**SUPPLIED MATERIAL:**
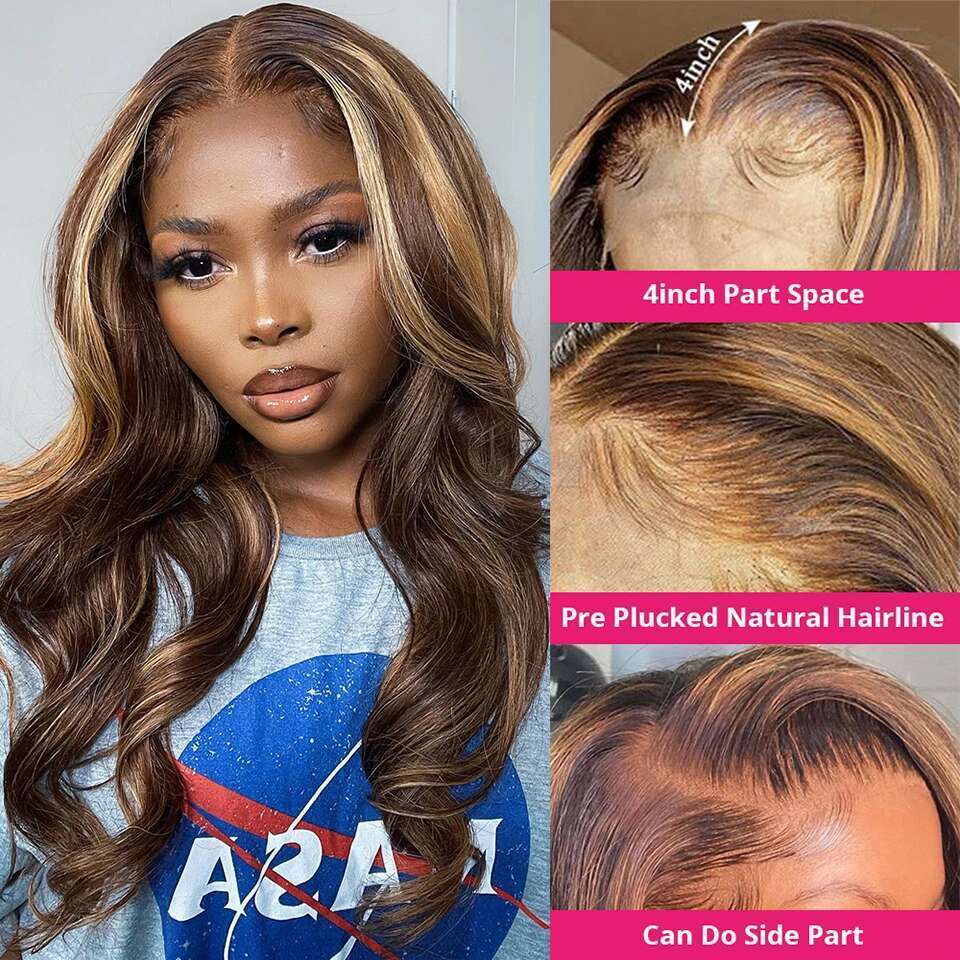 Highlight 13x6 Body Wave Frontal 100% 13x4 HD Transparent Lace Front Wig Human Hair Wigs For Women Brazilian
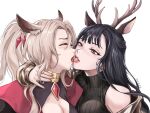 2girls ^_^ animal_ears arknights artist_name bangs bare_shoulders black_hair black_sweater brooch closed_eyes commentary_request deer_antlers deer_ears gitano_(arknights) grey_hair highres hui_z_jie jewelry long_hair mole mole_under_mouth multiple_girls signature simple_background sweater tongue tongue_out tsukinogi_(arknights) turtleneck turtleneck_sweater upper_body white_background yuri 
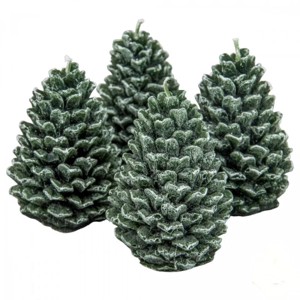 Kontúrozott toboz gyertya nagy 70x95 mm - sötét zöld szett, Kellékek & szerszámok, Dekorációs gyertya, Dekorációs kellékek, , MESKA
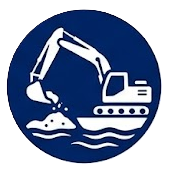 excavator on barge scooping sediment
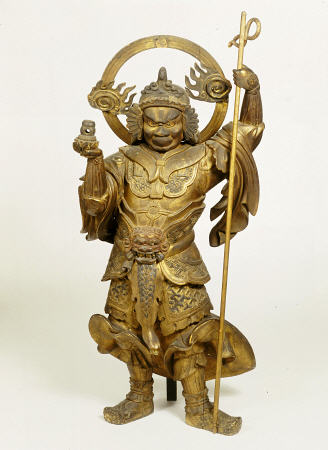 A Fine Large Wood Statue Of Bishamon, Guardian Of The North od 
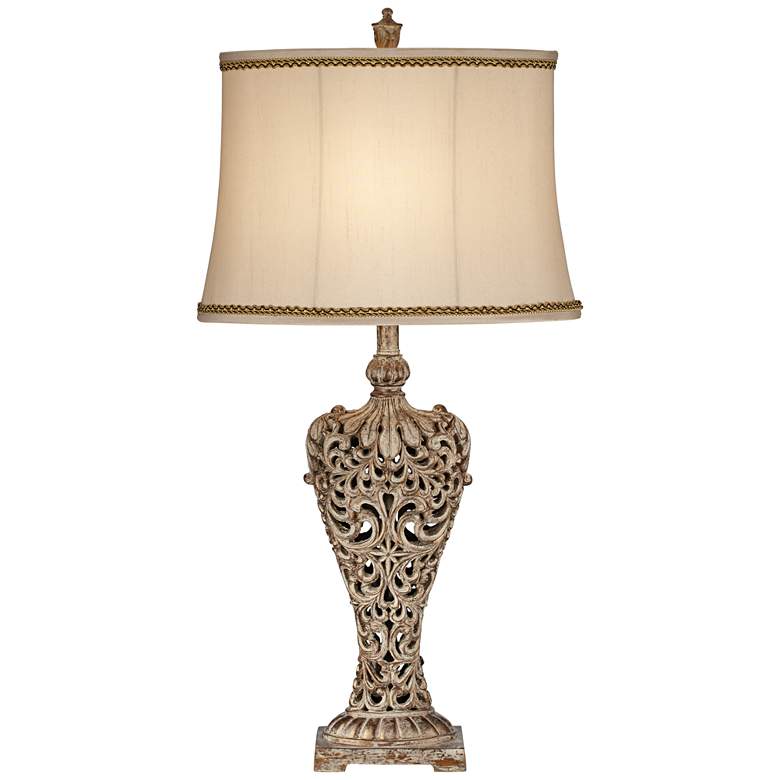 Image 2 Elle Gold Table Lamp with Florentine Twist Trim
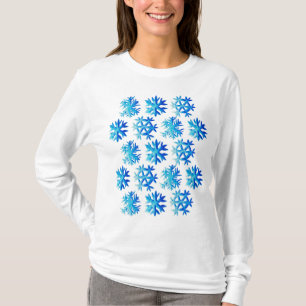 Camiseta Floco de neve azul Aquarela Arte de inverno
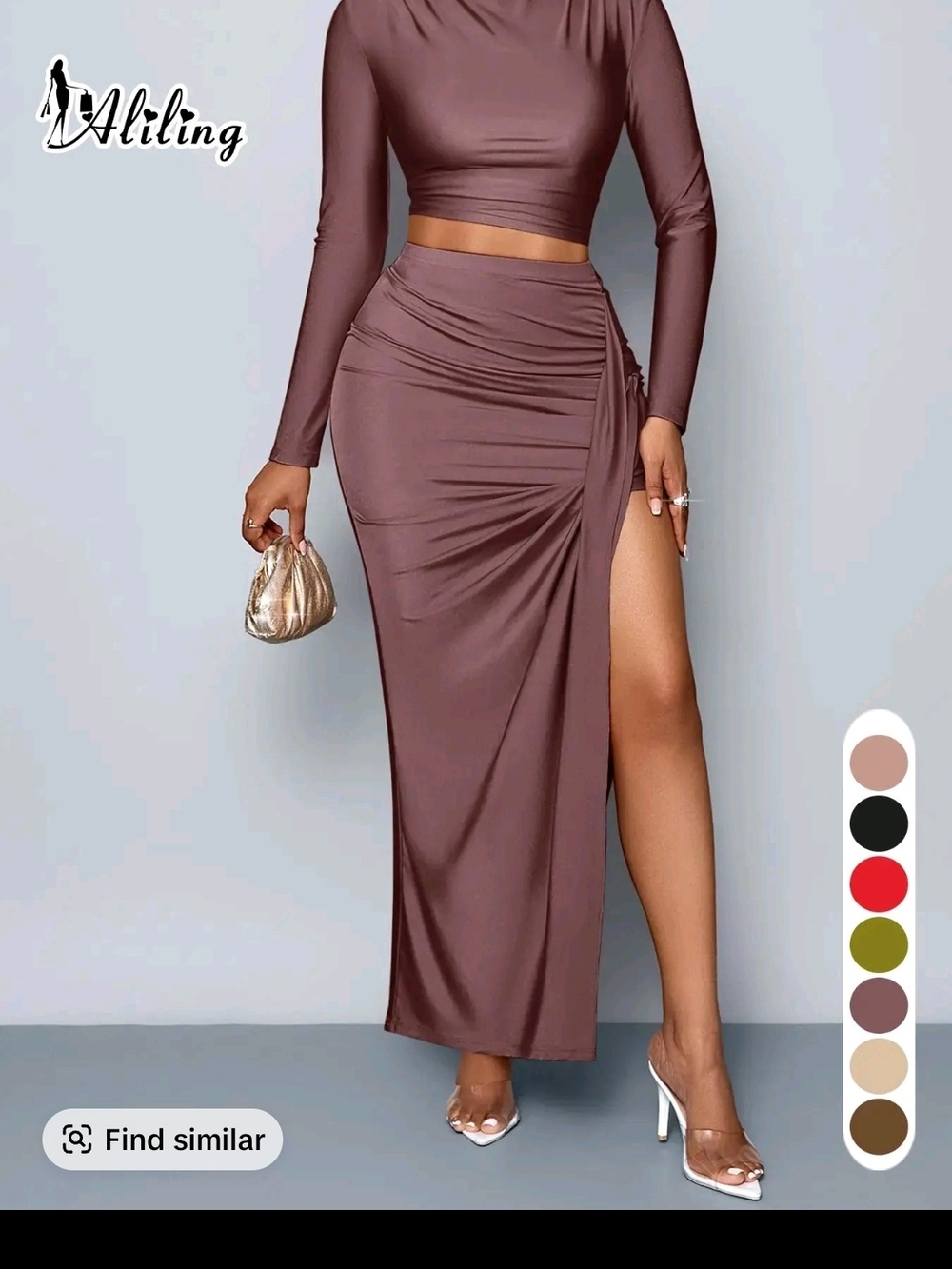 Mauve Ruched Side-Slit Maxi Skirt 2-pc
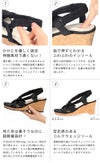 サンダル レディース ウェッジソール 歩きやすい 厚底 コルク 軽量 きれいめ 痛くない クッションインソール リボン かわいい 7cm ヒール Parade パレード 5033-WK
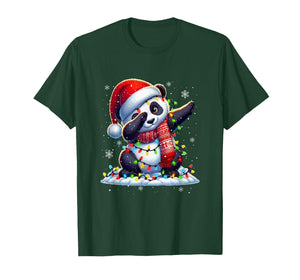 Dabbing Panda Santa Xmas Colorful Lights Wild Animal Lover T-Shirt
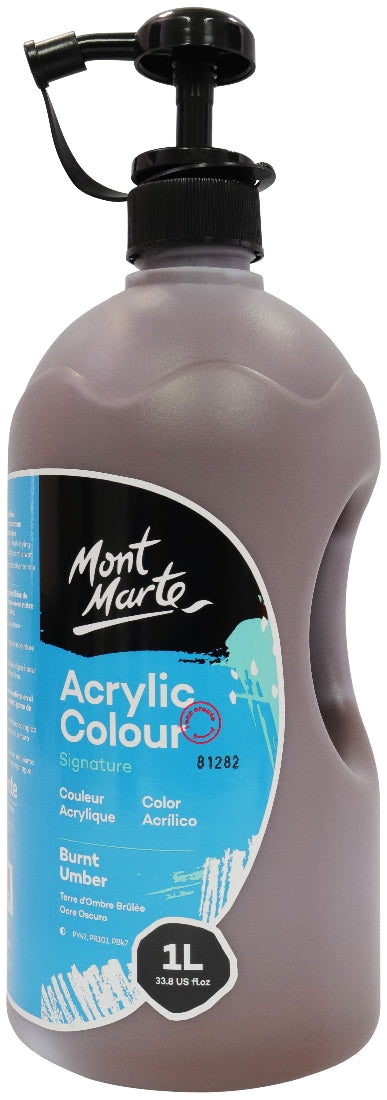 M.M. Studio Acrylic 1l Burnt Umber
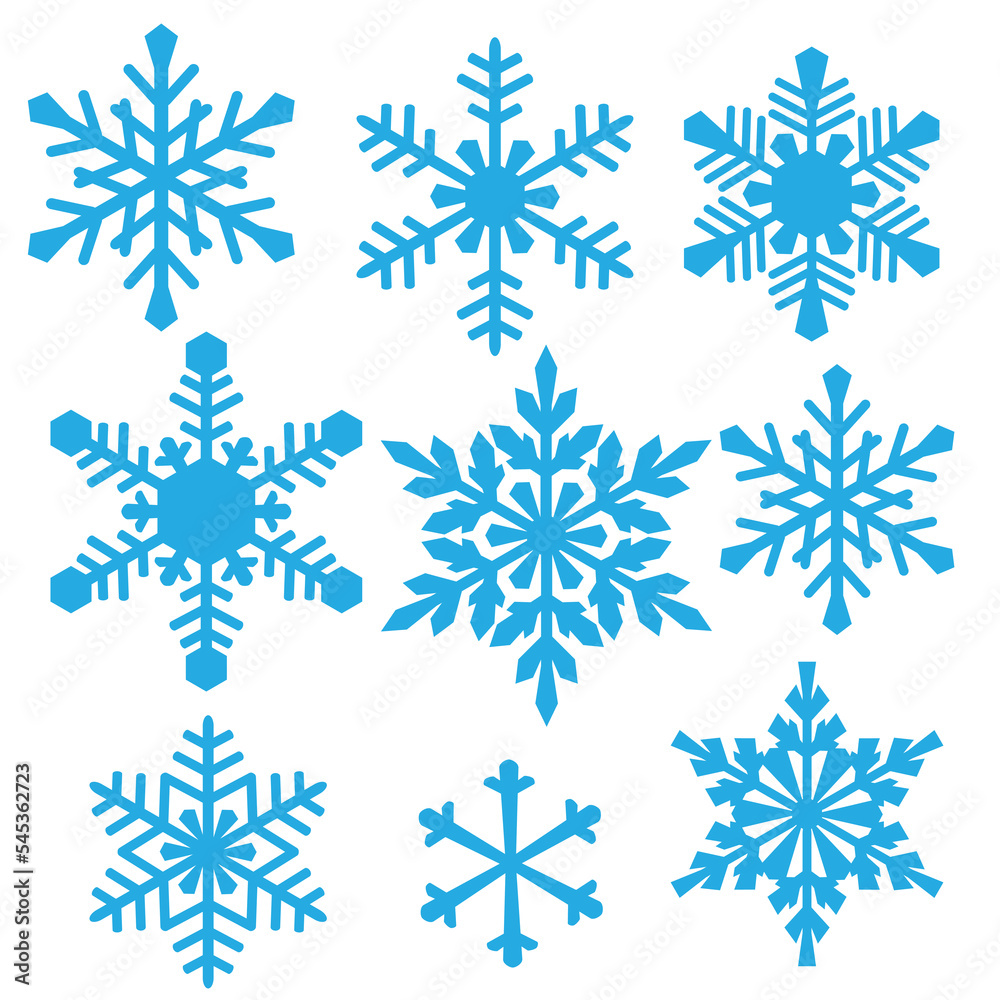 Beautiful snowflakes set vector cartoon illustration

**WHAT TO PRODUCE:** Starting with the top line, write out all the data above exactly; keep the pictures out.

**OUTPUT:**
 Highlight 13x6 Body Wave Frontal 100% 13x4 HD Transparent Lace Front Wig Human Hair Wigs For Women Brazilian
 2girls ^_^ animal_ears arknights artist_name bangs bare_shoulders black_hair black_sweater brooch closed_eyes commentary_request deer_antlers deer_ears gitano_(arknights) grey_hair highres hui_z_jie jewelry long_hair mole mole_under_mouth multiple_girls signature simple_background sweater tongue tongue_out tsukinogi_(arknights) turtleneck turtleneck_sweater upper_body white_background yuri 
 Kontúrozott toboz gyertya nagy 70x95 mm - sötét zöld szett, Kellékek & szerszámok, Dekorációs gyertya, Dekorációs kellékek, , MESKA
 excavator on barge scooping sediment
 A Fine Large Wood Statue Of Bishamon, Guardian Of The North od 
 Image 2 Elle Gold Table Lamp with Florentine Twist Trim
 Camiseta Floco de neve azul Aquarela Arte de inverno
 Mauve Ruched Side-Slit Maxi Skirt 2-pc
 サンダル レディース ウェッジソール 歩きやすい 厚底 コルク 軽量 きれいめ 痛くない クッションインソール リボン かわいい 7cm ヒール Parade パレード 5033-WK
 Dabbing Panda Santa Xmas Colorful Lights Wild Animal Lover T-Shirt
 M.M. Studio Acrylic 1l Burnt Umber
 Beautiful snowflakes set vector cartoon illustration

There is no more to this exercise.